Par-delà les dissensions franco-allemandes
Le Président Macron a reçu un accueil chaleureux, des applaudissements à son passage, l’Allemagne était sous le charme. Une expérience qu’il ne fait sans doute plus beaucoup en France, remarquaient un tantinet narquois des journalistes allemands. 53% des Allemands ont une opinion positive d’Emmanuel Macron, d’après un sondage Ipsos. Pourquoi ce succès façon pop star ? Notre confrère du magazine der Spiegel (1) estime que Macron sert de figure de projection : « jeune, dynamique, élégant… pour beaucoup d’Allemands, il incarne le rêve inatteignable d’un leader charismatique. » Wow ! Mais le Spiegel ne serait pas ce qu’il est sans ajouter un coup de griffe : « en Allemagne, précise-t.il, avec son amour très français du pompeux et son gout pour le pathétique, il n’aurait aucune chance de devenir chancelier ». C’est dit !
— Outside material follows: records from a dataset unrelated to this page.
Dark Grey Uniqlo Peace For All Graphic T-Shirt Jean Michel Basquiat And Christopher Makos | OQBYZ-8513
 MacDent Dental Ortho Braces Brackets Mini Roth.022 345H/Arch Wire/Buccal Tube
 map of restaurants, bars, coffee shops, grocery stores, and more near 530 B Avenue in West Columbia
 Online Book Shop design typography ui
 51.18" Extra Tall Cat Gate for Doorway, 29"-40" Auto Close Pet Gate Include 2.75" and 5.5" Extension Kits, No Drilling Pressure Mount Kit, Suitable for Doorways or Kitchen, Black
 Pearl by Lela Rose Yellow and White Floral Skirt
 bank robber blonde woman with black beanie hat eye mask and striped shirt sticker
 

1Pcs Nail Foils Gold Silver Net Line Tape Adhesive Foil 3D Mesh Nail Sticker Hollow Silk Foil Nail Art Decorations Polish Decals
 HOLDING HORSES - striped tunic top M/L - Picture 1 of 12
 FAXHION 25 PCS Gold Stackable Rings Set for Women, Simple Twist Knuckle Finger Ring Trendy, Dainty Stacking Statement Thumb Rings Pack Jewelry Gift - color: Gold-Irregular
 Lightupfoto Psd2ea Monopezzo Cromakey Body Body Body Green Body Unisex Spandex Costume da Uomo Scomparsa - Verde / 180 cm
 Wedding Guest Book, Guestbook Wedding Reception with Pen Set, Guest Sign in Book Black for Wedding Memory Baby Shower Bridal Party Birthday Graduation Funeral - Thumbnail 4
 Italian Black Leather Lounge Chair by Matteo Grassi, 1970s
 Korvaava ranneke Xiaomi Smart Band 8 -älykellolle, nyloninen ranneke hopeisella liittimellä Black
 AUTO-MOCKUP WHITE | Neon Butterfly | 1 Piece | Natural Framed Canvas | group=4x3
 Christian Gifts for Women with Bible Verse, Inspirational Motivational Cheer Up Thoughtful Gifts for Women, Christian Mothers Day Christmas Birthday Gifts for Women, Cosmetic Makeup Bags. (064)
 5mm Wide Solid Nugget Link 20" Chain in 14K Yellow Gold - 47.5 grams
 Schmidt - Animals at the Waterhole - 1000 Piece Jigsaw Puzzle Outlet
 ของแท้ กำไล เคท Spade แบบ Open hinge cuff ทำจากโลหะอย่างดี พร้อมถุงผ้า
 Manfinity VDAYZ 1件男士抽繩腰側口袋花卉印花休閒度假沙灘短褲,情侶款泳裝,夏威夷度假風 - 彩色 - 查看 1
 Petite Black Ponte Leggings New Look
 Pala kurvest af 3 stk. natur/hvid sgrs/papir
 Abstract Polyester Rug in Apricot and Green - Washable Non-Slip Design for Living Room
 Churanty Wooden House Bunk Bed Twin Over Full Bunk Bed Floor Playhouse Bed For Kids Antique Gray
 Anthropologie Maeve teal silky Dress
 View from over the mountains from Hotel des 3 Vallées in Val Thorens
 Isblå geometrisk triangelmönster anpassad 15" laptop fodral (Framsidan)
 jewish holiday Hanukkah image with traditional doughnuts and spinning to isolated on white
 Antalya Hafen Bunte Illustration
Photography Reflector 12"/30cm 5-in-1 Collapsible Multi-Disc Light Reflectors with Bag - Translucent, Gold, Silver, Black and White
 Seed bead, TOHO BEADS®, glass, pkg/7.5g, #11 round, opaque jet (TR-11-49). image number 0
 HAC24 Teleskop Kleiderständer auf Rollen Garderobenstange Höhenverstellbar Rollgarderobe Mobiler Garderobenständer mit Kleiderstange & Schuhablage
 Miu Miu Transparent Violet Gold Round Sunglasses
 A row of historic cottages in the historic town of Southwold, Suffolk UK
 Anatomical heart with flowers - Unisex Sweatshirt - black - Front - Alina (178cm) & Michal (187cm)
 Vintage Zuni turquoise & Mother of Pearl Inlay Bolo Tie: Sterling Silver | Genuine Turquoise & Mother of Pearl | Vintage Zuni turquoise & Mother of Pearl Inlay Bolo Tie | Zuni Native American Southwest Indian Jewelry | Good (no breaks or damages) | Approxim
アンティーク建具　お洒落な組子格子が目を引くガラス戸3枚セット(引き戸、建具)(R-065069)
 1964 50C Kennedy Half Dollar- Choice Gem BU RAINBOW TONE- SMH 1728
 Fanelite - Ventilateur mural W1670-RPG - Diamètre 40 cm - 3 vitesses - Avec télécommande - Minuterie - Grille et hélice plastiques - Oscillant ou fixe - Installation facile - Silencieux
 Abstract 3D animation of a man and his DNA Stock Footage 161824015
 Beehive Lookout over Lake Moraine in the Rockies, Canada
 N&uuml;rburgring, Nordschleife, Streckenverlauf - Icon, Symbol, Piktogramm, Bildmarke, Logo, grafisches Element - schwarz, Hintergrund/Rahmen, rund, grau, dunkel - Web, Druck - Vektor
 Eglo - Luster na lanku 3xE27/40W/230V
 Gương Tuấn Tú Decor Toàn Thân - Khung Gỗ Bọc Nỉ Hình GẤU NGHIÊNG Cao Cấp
Rupture d’un tabou à Meseberg
Au dernier jour de la visite, le Conseil franco-allemand de défense et de sécurité a vite fait retomber l’atmosphère festive. La guerre déclenchée par Wladimir Poutine met l’Europe sous une tension extrême et les dissensions entre nos deux pays restent vives dans de nombreux domaines, défense, stratégie vis-à-vis de la Chine, aide à l’Ukraine, budget européen, place du nucléaire… Et pourtant c’est devant le château de Meseberg, lieu emblématique de la politique allemande, et après un entretien avec le chancelier Olaf Scholz, qu’Emmanuel Macron a lancé une annonce d’importance, la rupture d’un tabou. Il a préconisé d’autoriser les Ukrainiens à utiliser les armes livrées – notamment françaises – pour « neutraliser » les bases militaires en Russie d’où sont tirés les missiles qui s’abattent sur l’Ukraine. Et le chancelier Scholz a laissé entendre qu’il n’y voyait pas « d’objection juridique ». Quant au Conseil franco-allemand, il a souligné l’importance de la dissuasion nucléaire française, mais aussi celle du pilier européen dans l’OTAN. Il a même été question d’y intégrer la brigade franco-allemande. Le soutien à nos industries de défense y a été réaffirmé. Bref, Français et Allemands avancent ensemble cahin-caha, parfois la main dans la main, parfois ils se tournent le dos. Cette fois-ci ils ont fait un pas ensemble.
Alors une fois les flonflons emballés que reste-t-il de la fête ? Emmanuel Macron a prononcé en Allemagne des discours inspirés sur l’Europe…Il a été écouté et bien accueilli et a fait une annonce d’importance sur l’aide à l’Ukraine avec l’accord du prudent chancelier allemand. La coopération franco-allemande dans le domaine critique de la défense, a été réaffirmée. Jusqu’à nouvel ordre. C’était plus que de belles images. Sans doute une idée de l’Europe.